Governos, empresas, instituições públicas e privadas e organizações não governamentais usam as informações do IBGE para desenvolver seus planos de ação, quantificar o potencial do mercado, criar produtos e serviços respeitando os anseios da população, etc.
As informações do IBGE são fundamentais para o desenho e a confecção de roupas de todos os tipos, móveis de uso residencial e empresarial, bancos de automóveis, de metrô, de trens e ônibus, etc.
Suas análises dão suporte para centenas de produtos de sucesso, permitindo inclusive a quantificação do público alvo para a tomada de decisão quanto ao seu lançamento ou retirada das prateleiras.

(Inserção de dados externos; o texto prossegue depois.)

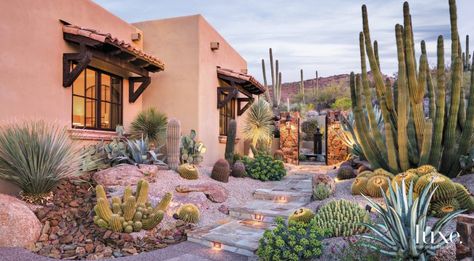 The overhaul of a Scottsdale home yields modern interiors with an organic edge. Desert Backyard, Luxe Magazine, Arizona Backyard, Arizona House, Arizona Landscape, Dry Garden, Spanish Style Homes, Desert Garden, Desert Homes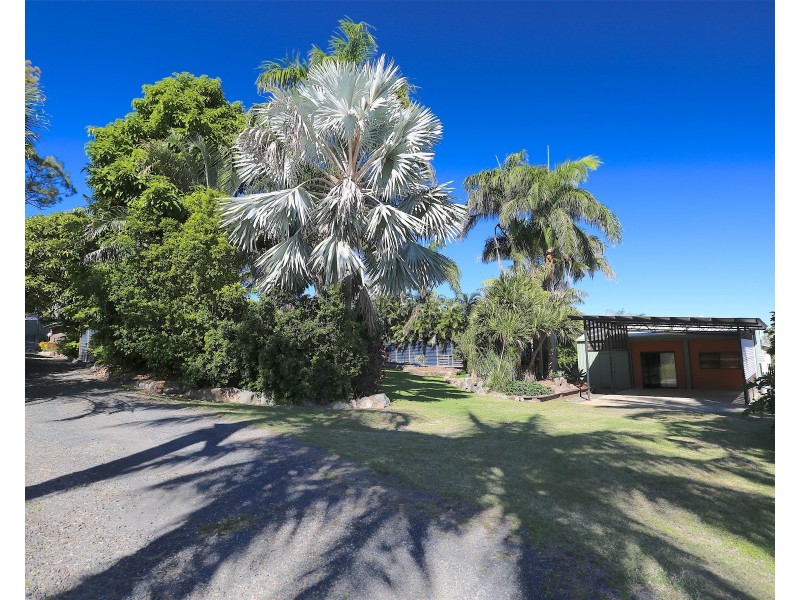 50-52 Hewitt Street, Emu Park QLD 4710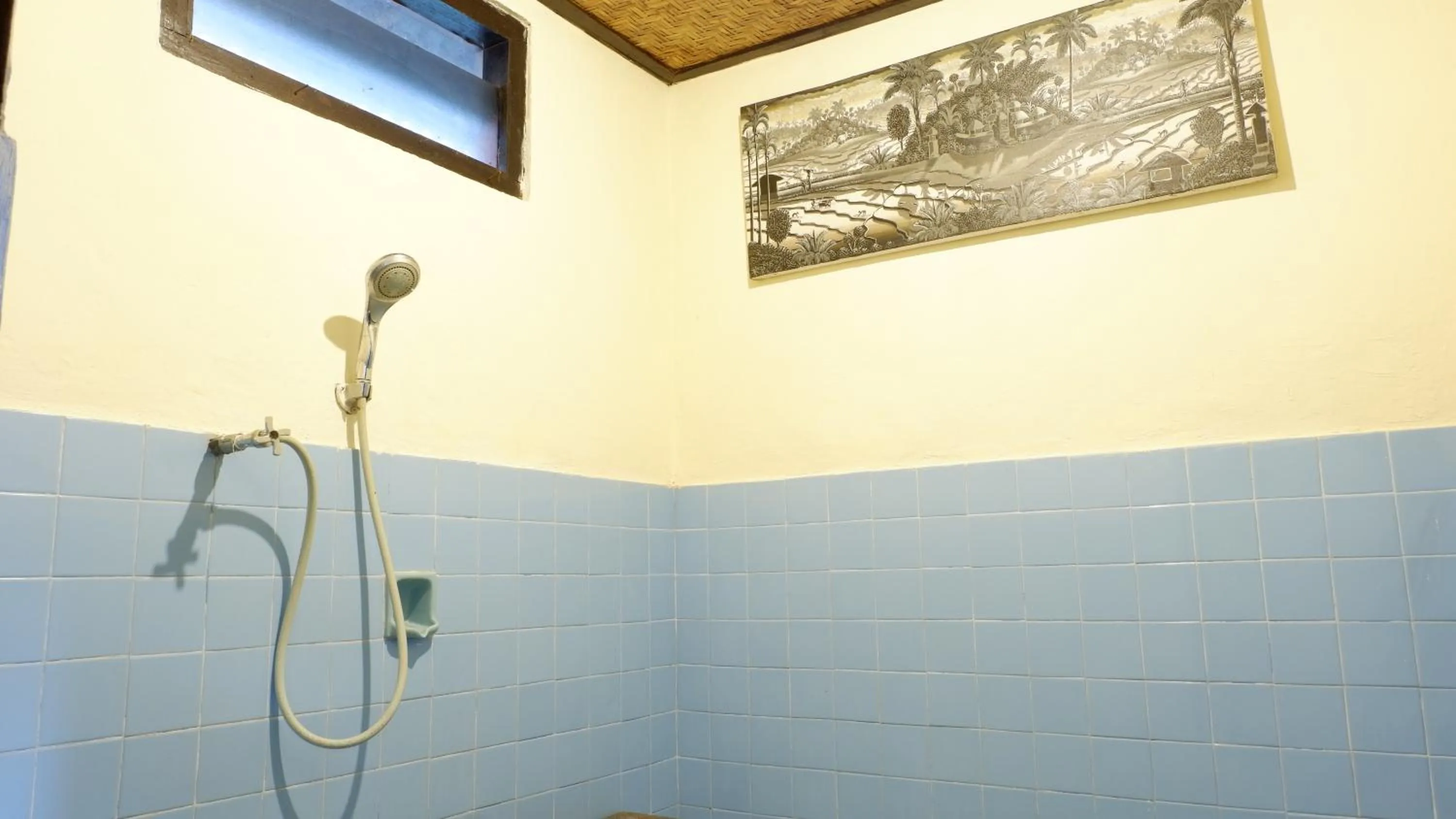 Shower in Hai Homestay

Além disso, com base nos números referentes à realidade social, é possível planejar a curto, médio e longo prazo. Sabendo quantas pessoas de um determinado perfil estão em cada segmento é possível desenvolver ações destinadas a satisfazer determinadas expectativas com pequena margem de erro.
Saber quantas pessoas têm poder aquisitivo para adquirir determinado produto por determinado preço pode ser a diferença entre o sucesso e o fracasso. Com essa informação é possível dimensionar o ponto de equilíbrio, após o qual o produto passa a ser rentável e, mais importante, verificar se o potencial de vendas está antes ou depois desse ponto.
Para o setor de seguros as informações do IBGE são fundamentais. Não há como imaginar a atividade sem estatísticas confiáveis, nas quais as seguradoras se baseiam, por exemplo, para calcular a longevidade em seus seguros de vida, planos de previdência suplementar e planos de saúde privados.
Mas não são apenas os dados referentes à expectativa de vida que fazem a diferença. Poder aquisitivo, ascensão social, emprego formal e informal, nível de escolaridade, remuneração individual e familiar, participação da mulher no mercado de trabalho, identificação e quantificação das minorias, enfim, todos os fatos referentes à evolução da sociedade interferem nos produtos do setor de seguros.
E a interferência é direta e indireta, ambas podendo ter impacto relevante tanto nos números consolidados, como no resultado individual das companhias.
Neste cenário, um IBGE cujas informações são colocadas sob suspeita presta um desserviço enorme. Sem estatísticas confiáveis as seguradoras passam a operar em ritmo de aposta e não de certeza matemática. E tudo o que o setor não quer, nem gosta, é um quadro como esse.
Tanto faz se o erro é realmente um erro ou se a informação se transforma em erro para agradar os poderosos. Se o erro é erro, falta comprometimento com o trabalho. Se o “erro” é político, falta comprometimento com a verdade. Nos dois casos quem perde é o país.